Would you transcribe the line containing "Used 2022 Chevrolet" and every line after it, through the end of the records below, exactly and with nothing else?

Stored entries:
────────────────────

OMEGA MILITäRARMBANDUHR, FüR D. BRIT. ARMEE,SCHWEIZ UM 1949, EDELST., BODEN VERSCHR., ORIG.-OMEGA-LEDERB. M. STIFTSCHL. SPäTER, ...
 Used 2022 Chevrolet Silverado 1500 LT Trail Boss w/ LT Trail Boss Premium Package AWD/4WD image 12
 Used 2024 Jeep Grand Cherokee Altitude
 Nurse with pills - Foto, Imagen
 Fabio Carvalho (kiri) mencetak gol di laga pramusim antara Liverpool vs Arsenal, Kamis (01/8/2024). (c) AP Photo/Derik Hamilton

────────────────────

_OUTPUT_:
 Used 2022 Chevrolet Silverado 1500 LT Trail Boss w/ LT Trail Boss Premium Package AWD/4WD image 12
 Used 2024 Jeep Grand Cherokee Altitude
 Nurse with pills - Foto, Imagen
 Fabio Carvalho (kiri) mencetak gol di laga pramusim antara Liverpool vs Arsenal, Kamis (01/8/2024). (c) AP Photo/Derik Hamilton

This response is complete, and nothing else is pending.